*** DATA LISTING ***
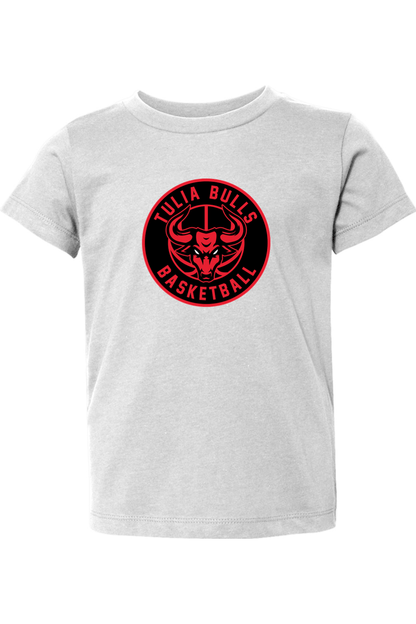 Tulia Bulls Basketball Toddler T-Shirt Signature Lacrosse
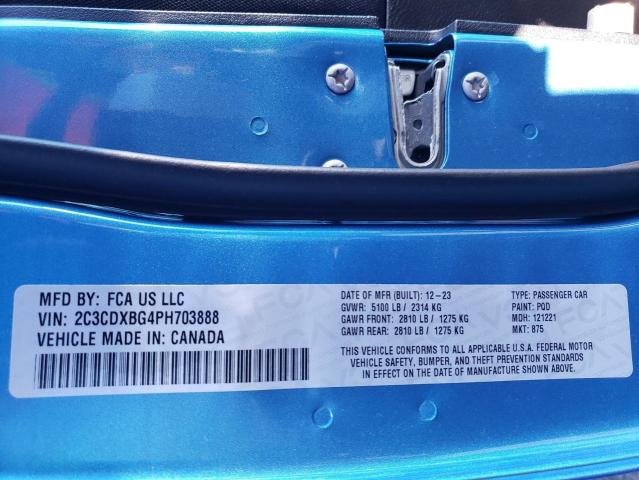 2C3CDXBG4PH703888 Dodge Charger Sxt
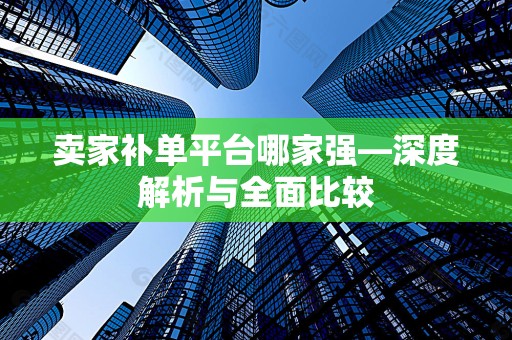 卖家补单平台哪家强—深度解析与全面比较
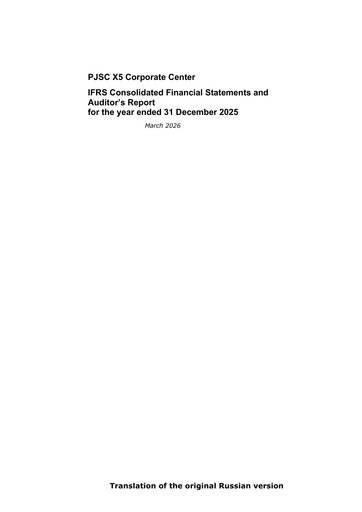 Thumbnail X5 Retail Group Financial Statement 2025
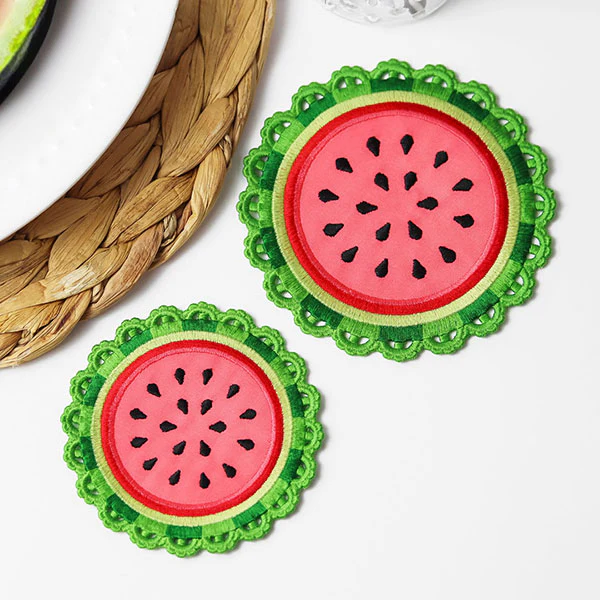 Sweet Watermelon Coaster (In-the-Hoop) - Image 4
*** End of DATA LISTING ***
*** DATA LISTING ***
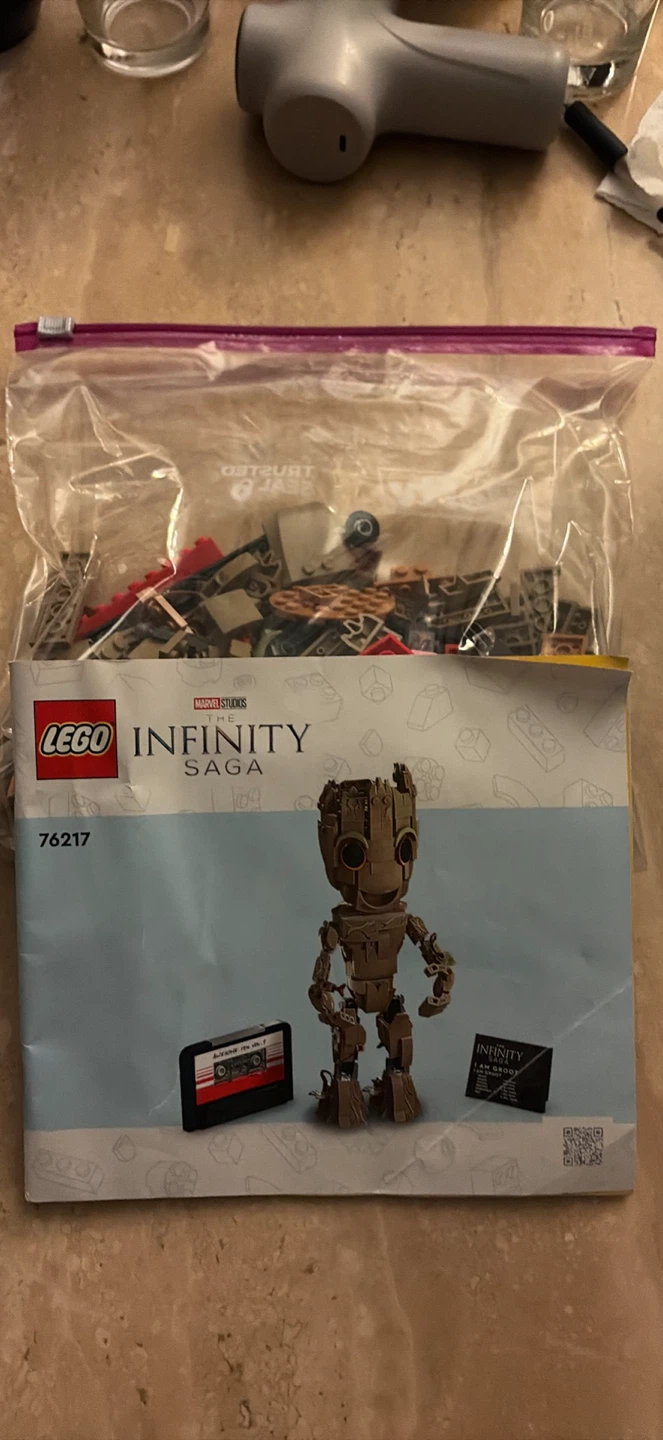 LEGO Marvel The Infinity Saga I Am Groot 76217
*** End of DATA LISTING ***
=== YOUR ASSIGNMENT ===
Beginning with the line above that has "Tulia Bulls Basketball" and going on through the line that has "Sweet Watermelon Coaster", retype every line exactly and add nothing else; drop the pictures.

=== EXERCISE RESPONSE ===
 Tulia Bulls Basketball Toddler T-Shirt Signature Lacrosse
 2C3CDXBG4PH703888 Dodge Charger Sxt
 卖家补单平台哪家强—深度解析与全面比较
 Thumbnail X5 Retail Group Financial Statement 2025
 Sweet Watermelon Coaster (In-the-Hoop) - Image 4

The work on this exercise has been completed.